Aussi, je vous rappelle que nous ne sommes pas dans le cadre d’un contrat avec une Assistante Maternelle (qui possède en général son propre contrat). Il s’agit ici de l’emploi à domicile d’une personne à charge d’enfant.

Vous êtes donc soumis à la Convention Collective du Particulier Employeur, que vous pouvez télécharger ici. Vous trouverez également beaucoup d’info et d’aide sur le site de la Fepem.

Ceci étant, le contrat que vous rédigerez devra indiquer :

- le nom des deux parties (employeur et employé)

- les conditions de l’engagement, le nom de la convention collective, les organismes de retraites (Les institutions compétentes en matière de retraite et de prévoyance sont : Retraite : IRCEM Retraite et Prévoyance : IRCEM Prévoyance).

- la date de début du contrat, la durée du contrat et la durée de la période d’essai (en général, 1 mois)

- la nature de l’emploi (Employée de maison à charge d’enfants) et le travail demmandé : 

  • être à l’écoute permanente des enfants
  • préparer et donner les repas selon les consignes des parents
  • veiller au bien être physique et psychologique des enfants (les changer, les habiller, leur donner le bain, participer à leur éveil, les promener, leur faire faire la sieste, les soigner en cas de besoins
  • veiller à la sécurité des enfants
  • en cas de difficultés ou d’urgence, prévenir en priorité les parents concernés et prendre les mesures nécessaires (SAMU, pompiers, pédiatre, etc.)

- le lieu de travail et la répartition du temps de travail dans chacune des deux familles.

- les congés payés et jours fériés

- les horaires de travail (attention à cette partie car d’elle dépendent les salaires et les congés complémentaires). Il est important de noter que la durée hebdomadaire normal de travail est fixée à 40h, prolongée à 48h en tenant compte du travail effectif dit « non responsable ». Mais le temps de  travail effectif d’une employée ne peut dépasser 48 h par semaine. Si les horaires de travail ne permettent pas de respecter cette limite, les heures supplémentaires seront récupérées de manière régulière afin que la moyenne horaire hebdomadaire ne dépasse pas 48h sur une période de 12 semaines glissantes. Donc, lorsque Super Nounou travaille 52h, elle est déclarée à hauteur de 40h + 8h supplémentaires (augmentées de 25%) + 4h (augmentées de 50%) qu’elle récupère dans les semaines qui suivent et qui lui donnent droit à 1 jour de congé complémentaire toutes les 2 ou 3 semaines (il faut faire le calcul exact…).
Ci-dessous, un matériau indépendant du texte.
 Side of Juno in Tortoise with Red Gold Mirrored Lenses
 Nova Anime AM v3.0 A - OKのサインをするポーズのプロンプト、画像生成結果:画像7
Croyez moi, lors des déclarations, ca n’est pas simple !

-et la rémunération bien évidemment, ainsi que  l’indication de déclaration des revenus en « base forfaire » ou « salaire réel ». Pour avoir commis l’erreur, je vous indique qu’il est  préférable de faire une déclaration en salaire réel car cela vous donne droit à des réductions de charge en tant qu’employeur et des compléments de converture social pour votre salarée.

Pour celles qui le souhaitent, je peux vous donner quelques conseils ou répondre à des questions, je ne suis pas une vraie spécialiste mais pour avoir épluché les doc en long, en large et en travers, je pourrais peut être vous aider !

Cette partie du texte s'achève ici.